◆ **Working data**:
/---
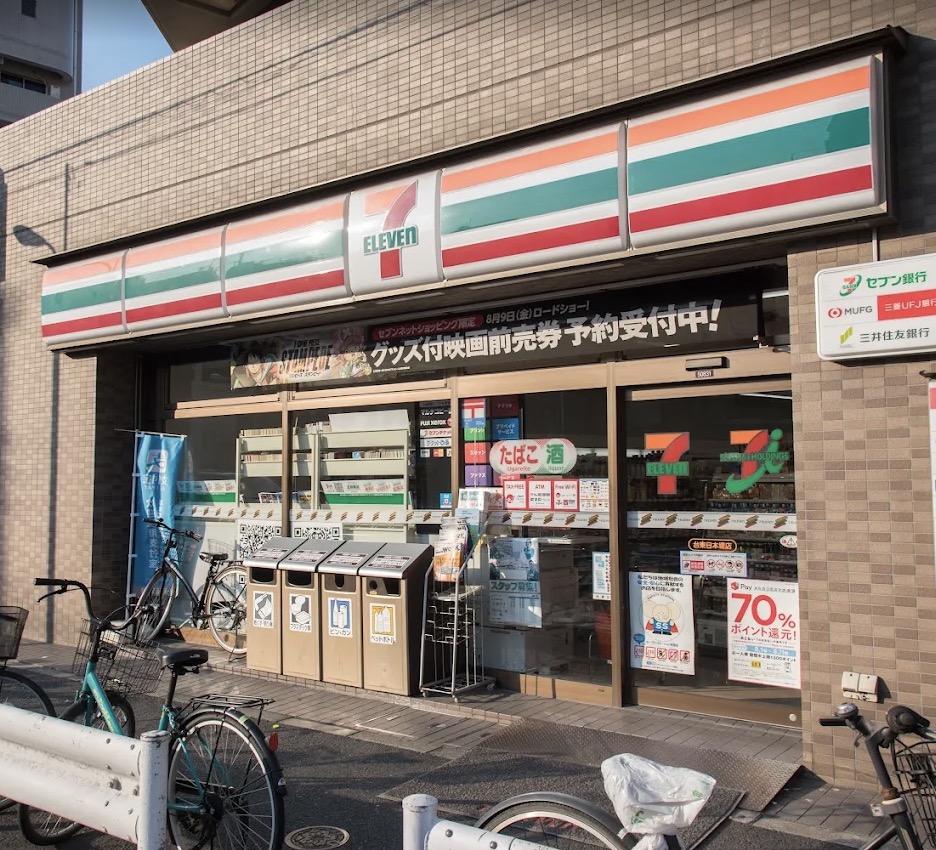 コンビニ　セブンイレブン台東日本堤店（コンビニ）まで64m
\---
/---
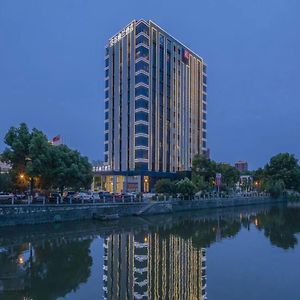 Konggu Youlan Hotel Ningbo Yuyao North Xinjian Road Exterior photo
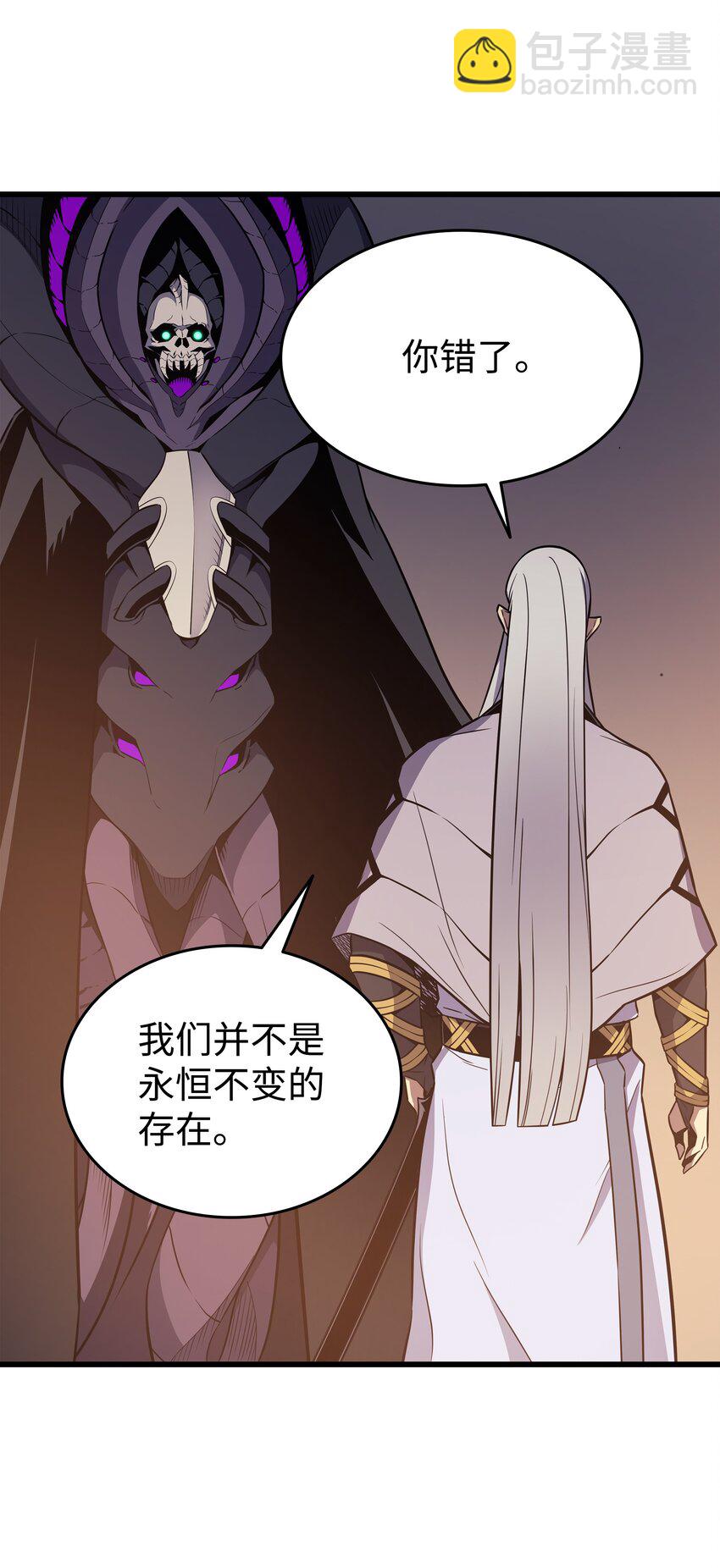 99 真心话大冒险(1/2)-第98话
\---
◆ **Work task**:
From the line containing "Konggu Youlan Hotel" through the line containing "99 真心话大冒险(1/2)-第98话", copy every line above exactly, without pictures.

◆ **Expected output**:
 Konggu Youlan Hotel Ningbo Yuyao North Xinjian Road Exterior photo
 99 真心话大冒险(1/2)-第98话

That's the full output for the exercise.